[TASK BRIEF] Among the entries below, one stretch runs from the line that contains "Hello, this is" through the line that contains "This how-to video". Repeat that stretch exactly, ends included, and only that.

[THE INPUT]
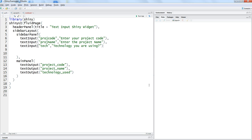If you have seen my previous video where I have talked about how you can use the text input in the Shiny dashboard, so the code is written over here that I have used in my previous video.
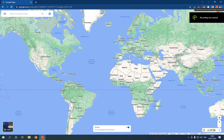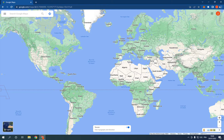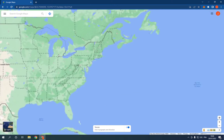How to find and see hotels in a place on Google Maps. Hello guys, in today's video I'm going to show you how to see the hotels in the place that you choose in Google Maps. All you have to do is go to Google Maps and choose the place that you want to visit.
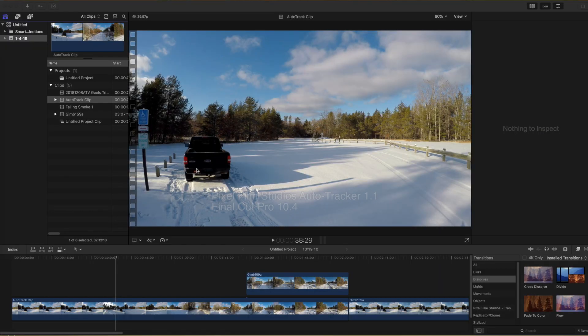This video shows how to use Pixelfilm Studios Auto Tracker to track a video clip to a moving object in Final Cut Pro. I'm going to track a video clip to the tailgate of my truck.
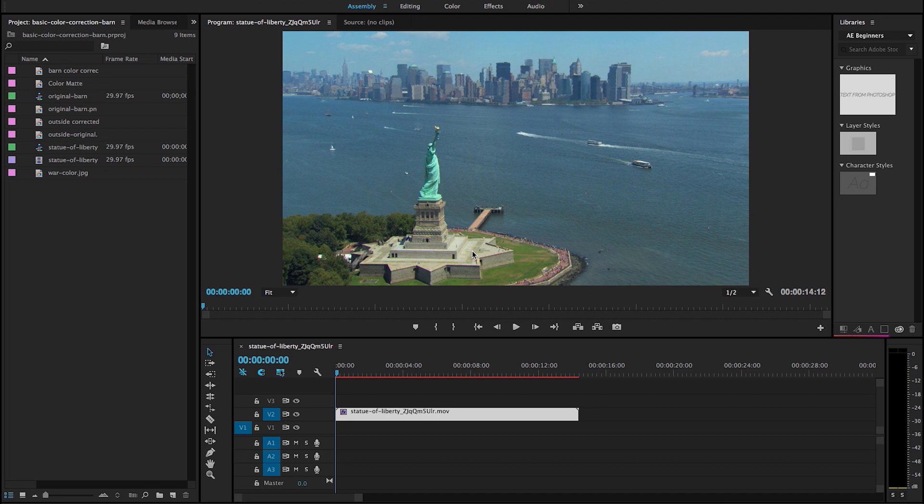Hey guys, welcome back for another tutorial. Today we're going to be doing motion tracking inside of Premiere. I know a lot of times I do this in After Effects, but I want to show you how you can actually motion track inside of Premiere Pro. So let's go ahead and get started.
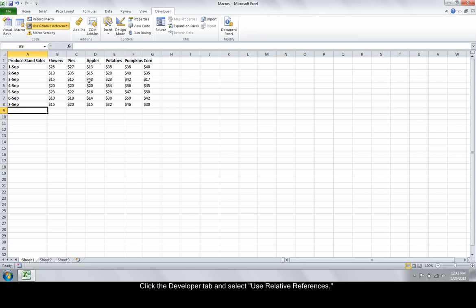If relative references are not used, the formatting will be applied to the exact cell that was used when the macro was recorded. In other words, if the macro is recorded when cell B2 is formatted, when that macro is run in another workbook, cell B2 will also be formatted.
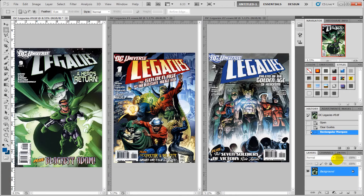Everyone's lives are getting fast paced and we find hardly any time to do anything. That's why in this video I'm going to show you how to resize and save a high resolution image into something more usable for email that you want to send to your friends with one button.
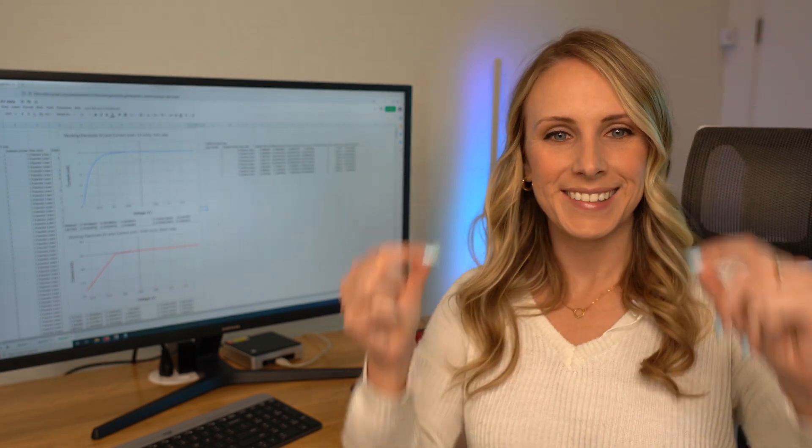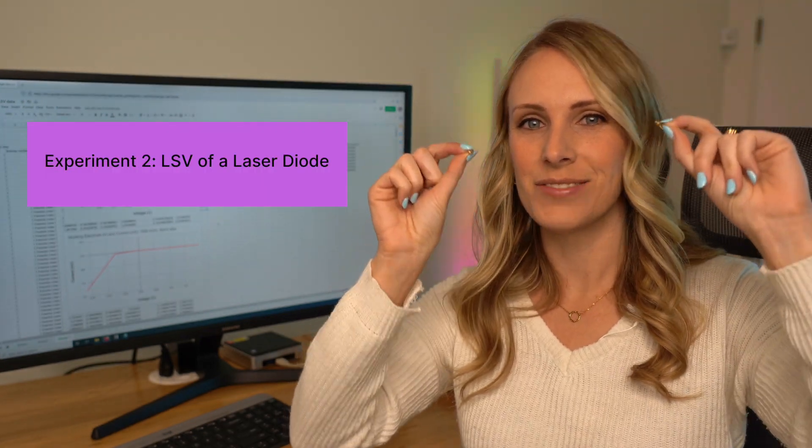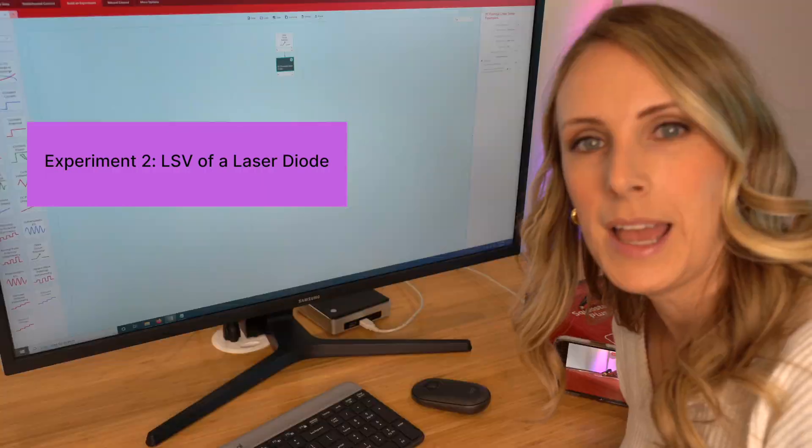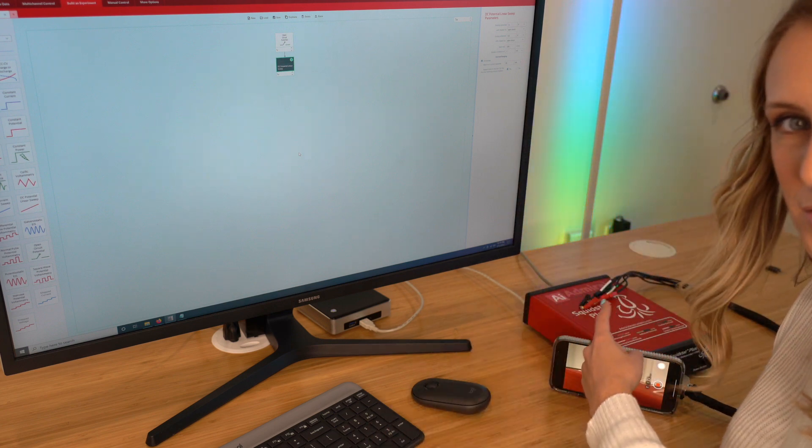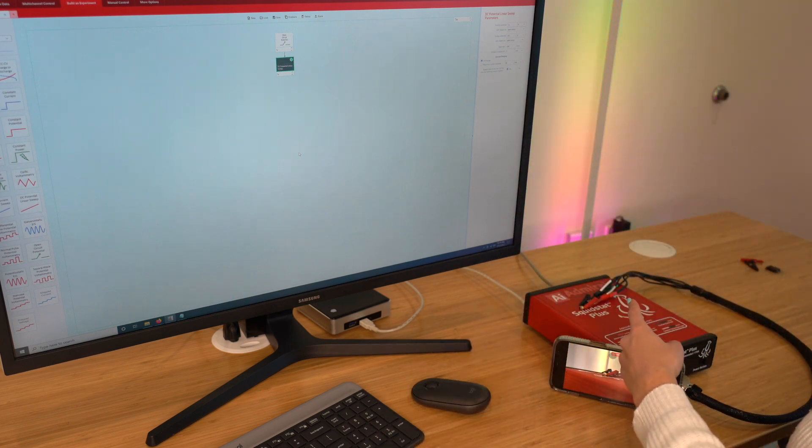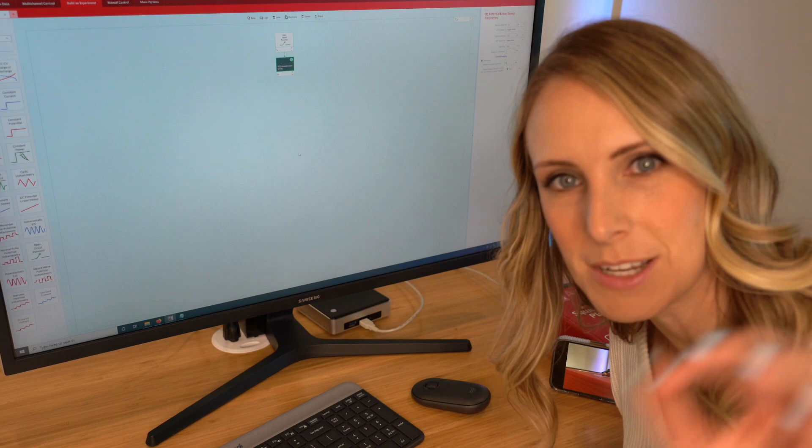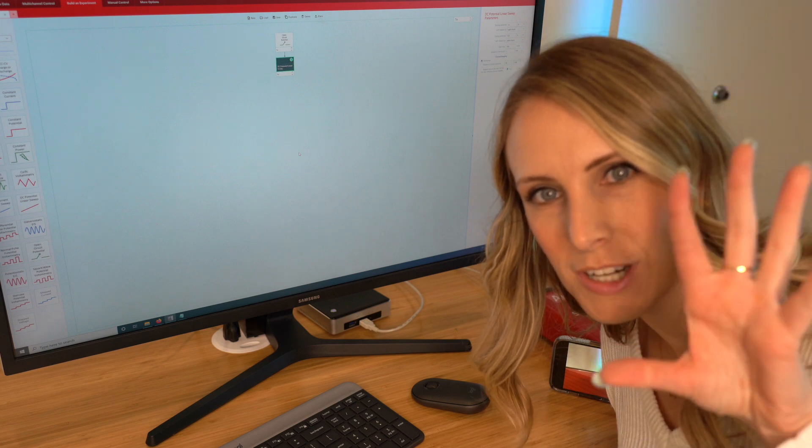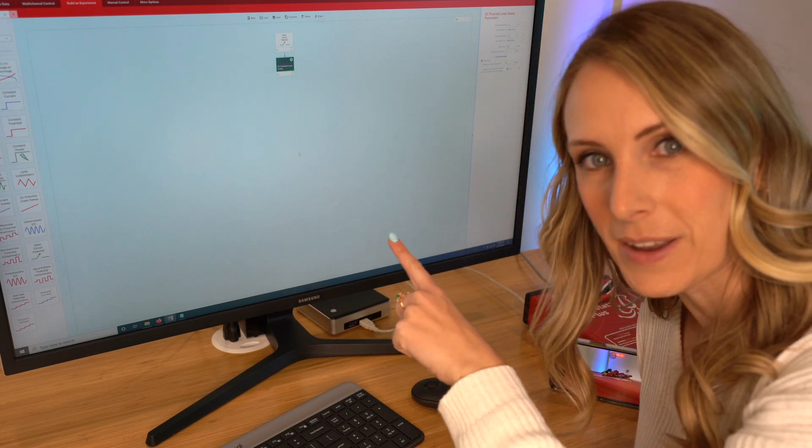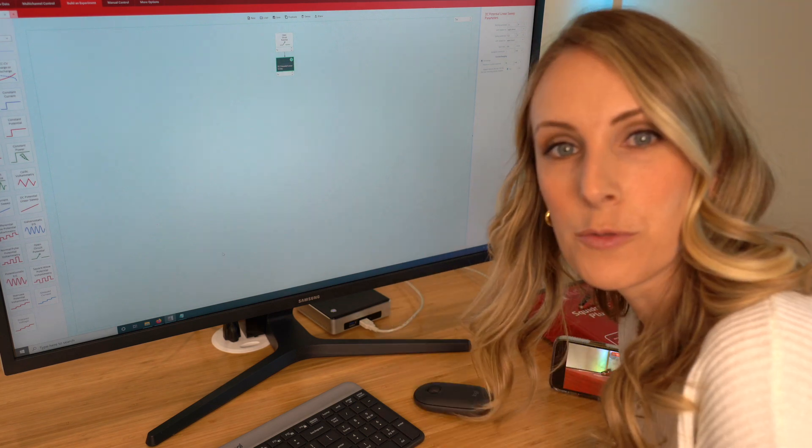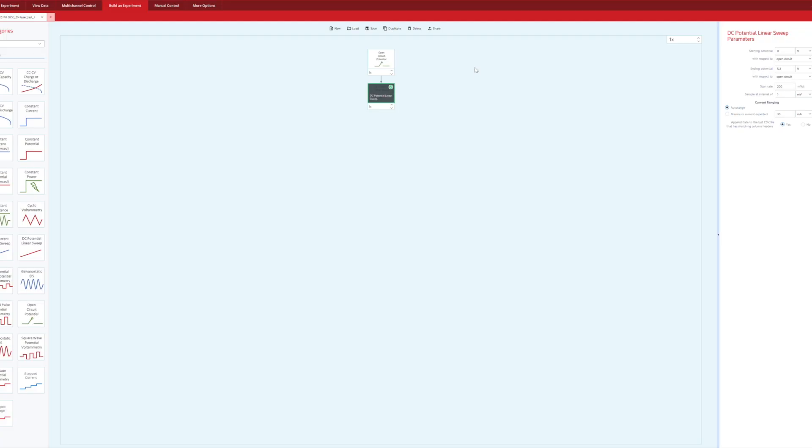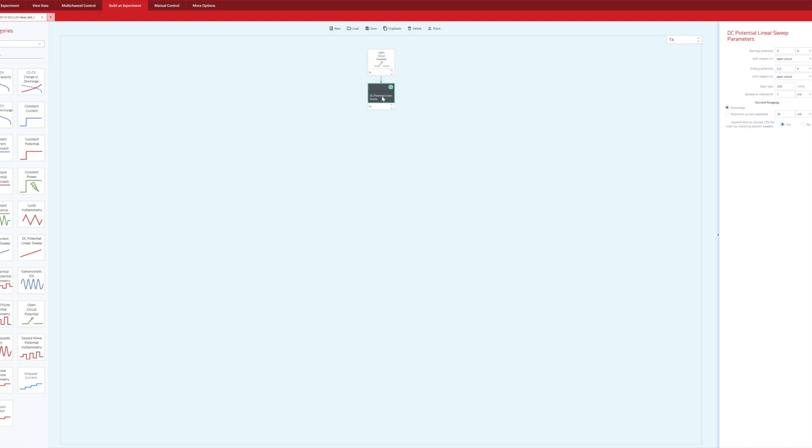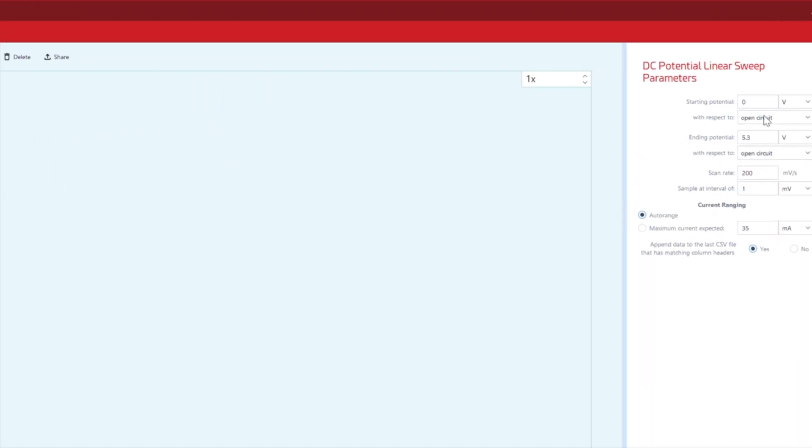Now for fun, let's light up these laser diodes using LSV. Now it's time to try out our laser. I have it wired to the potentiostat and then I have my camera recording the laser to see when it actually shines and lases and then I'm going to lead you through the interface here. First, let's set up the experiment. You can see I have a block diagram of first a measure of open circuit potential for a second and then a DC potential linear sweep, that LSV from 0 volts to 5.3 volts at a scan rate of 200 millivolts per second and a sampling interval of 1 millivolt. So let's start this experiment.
--
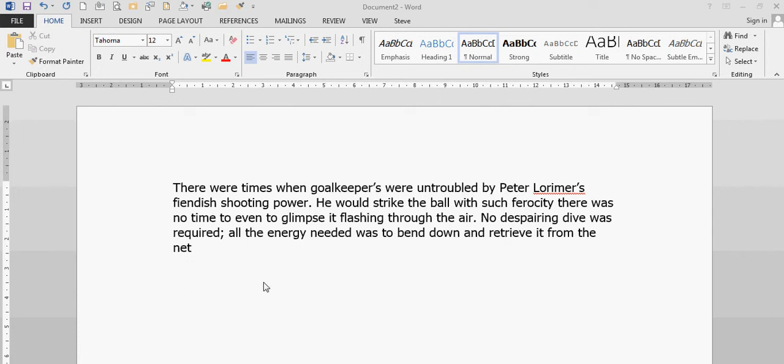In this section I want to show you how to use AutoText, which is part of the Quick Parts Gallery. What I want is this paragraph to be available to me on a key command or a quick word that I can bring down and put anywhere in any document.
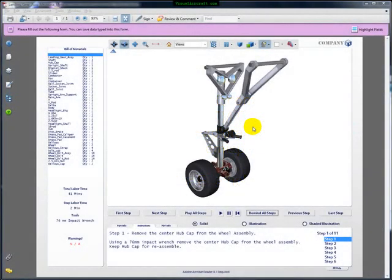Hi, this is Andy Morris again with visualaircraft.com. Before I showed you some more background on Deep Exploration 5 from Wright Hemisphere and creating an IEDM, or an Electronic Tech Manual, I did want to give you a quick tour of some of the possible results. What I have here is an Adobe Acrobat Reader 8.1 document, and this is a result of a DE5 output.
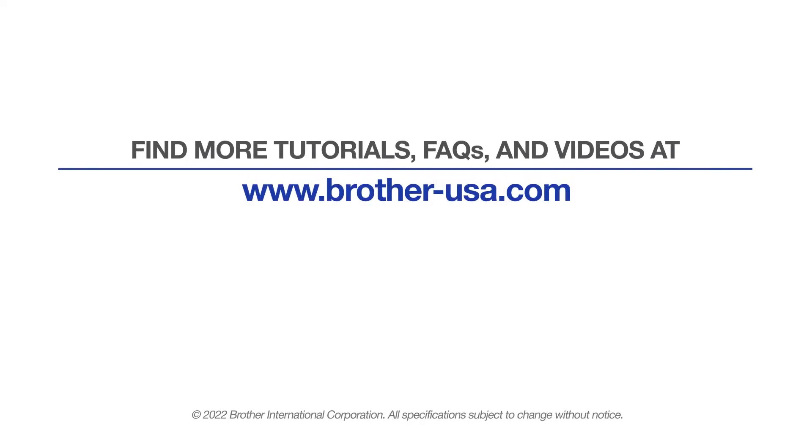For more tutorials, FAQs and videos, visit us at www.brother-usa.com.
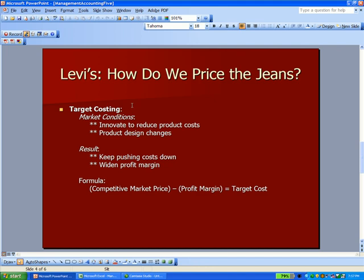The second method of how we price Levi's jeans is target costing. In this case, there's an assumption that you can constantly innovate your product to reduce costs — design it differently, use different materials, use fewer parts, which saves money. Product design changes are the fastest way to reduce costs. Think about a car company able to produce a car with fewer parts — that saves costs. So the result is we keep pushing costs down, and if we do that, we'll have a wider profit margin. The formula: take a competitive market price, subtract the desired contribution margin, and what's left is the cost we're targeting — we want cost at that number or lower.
==
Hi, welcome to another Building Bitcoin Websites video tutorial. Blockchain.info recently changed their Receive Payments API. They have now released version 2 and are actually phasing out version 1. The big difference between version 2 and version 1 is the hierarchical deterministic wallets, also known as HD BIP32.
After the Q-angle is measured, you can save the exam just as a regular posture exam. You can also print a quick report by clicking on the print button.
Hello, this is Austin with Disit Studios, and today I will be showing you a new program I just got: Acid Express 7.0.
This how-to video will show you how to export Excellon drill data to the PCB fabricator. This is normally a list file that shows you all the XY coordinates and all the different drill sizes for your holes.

[OUTPUT FOR THIS TASK]
Hello, this is Austin with Disit Studios, and today I will be showing you a new program I just got: Acid Express 7.0.
This how-to video will show you how to export Excellon drill data to the PCB fabricator. This is normally a list file that shows you all the XY coordinates and all the different drill sizes for your holes.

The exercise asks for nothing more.